Wir rufen nach Werten. Der ehrbare Kaufmann soll wieder regieren, die Menschlichkeit soll wieder in die Chefetagen einziehen, wir brauchen wieder eine Orientierung. Das sind Forderungen, die – je nach Wirtschafts- und Nachrichtenlage – immer wieder laut werden. Dabei haben wir Werte in Hülle und Fülle. Wir ersticken geradezu an Werten. Wir haben also kein Mengenproblem, wir haben ein Qualitätsproblem.

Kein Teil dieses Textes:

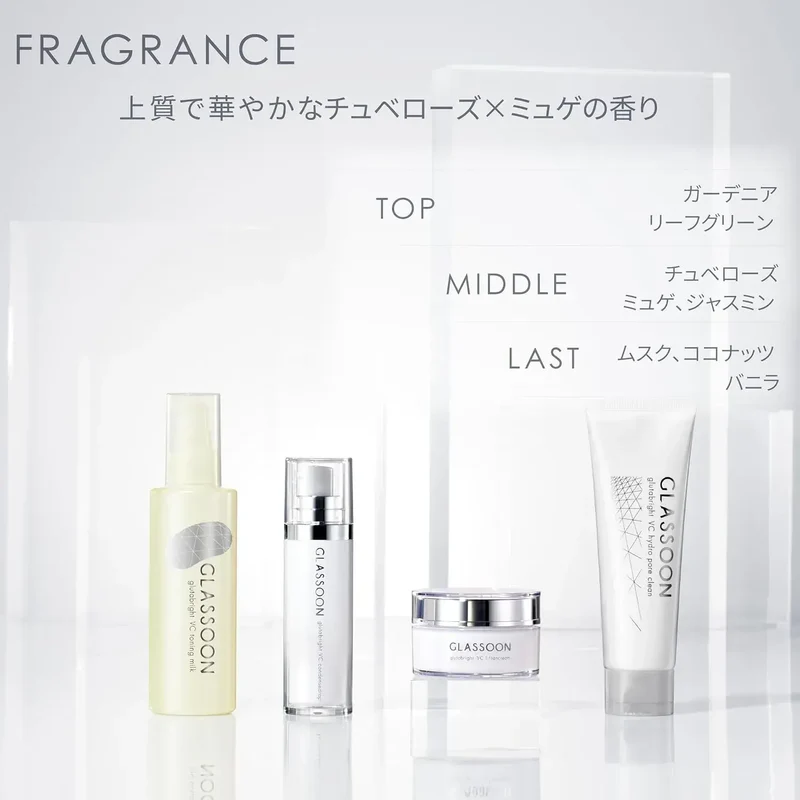 SANA Glassoon Glutarite VC Toning Milk Lotion Cuticle Care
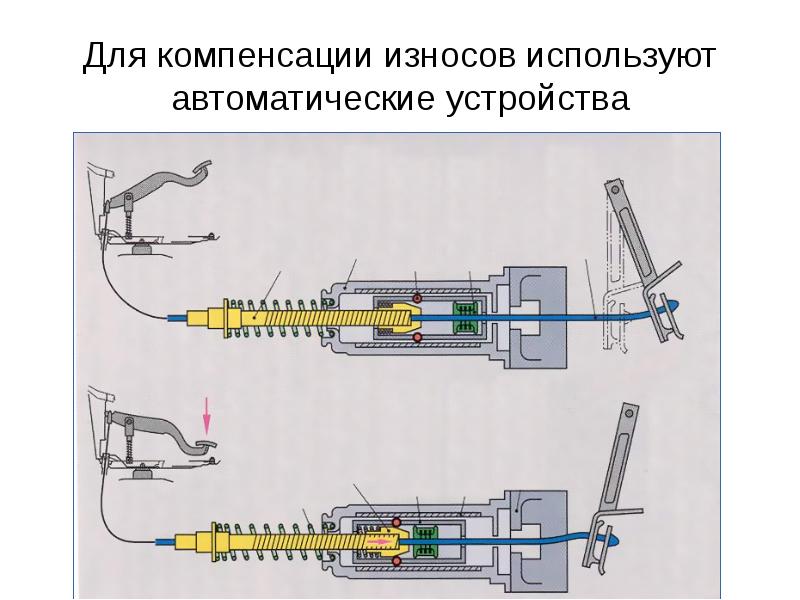 Автоматические устройства используются. Автоматические устройства. Устройство для компенсации износа колодки. Устройство АОПЧ. Доклад простые 6 и автоматические устройства.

Werte sind so eine Sache. Auch die Mafia oder die Camorra haben Werte, nur eben nicht dieselben, die wir für wertvoll halten. Was sind überhaupt Werte? Wir finden sie im Handeln der Menschen, nicht in ihren Worten. Für Unternehmen gilt dasselbe. Mitarbeiter haben dafür ein feines Gespür: Sie glauben nur die Werte, die aus Taten sprechen, die 'Philosophie' des Unternehmens spielt dabei überhaupt keine Rolle. Wenn zum Beispiel jemand entlassen wird, dann schauen sie, wie und warum das geschah – und entdecken so die tatsächlich gelebten Werte. Sind diese nicht deckungsgleich mit den wohlformulierten Leitlinien, dann verlieren Führungskräfte ihre Glaubwürdigkeit – und die Loyalität der Mitarbeiter.
Damit stellt sich die Frage, welche Werte in unserer Gesellschaft tatsächlich gelebt werden. Im Grundgesetz steht: 'Die Würde des Menschen ist unantastbar, sie zu achten und zu schützen ist Aufgabe aller staatlichen Gewalt.' Wir haben also einen Staatsauftrag, die Würde eines jeden zu schützen. Aber tun wir das auch?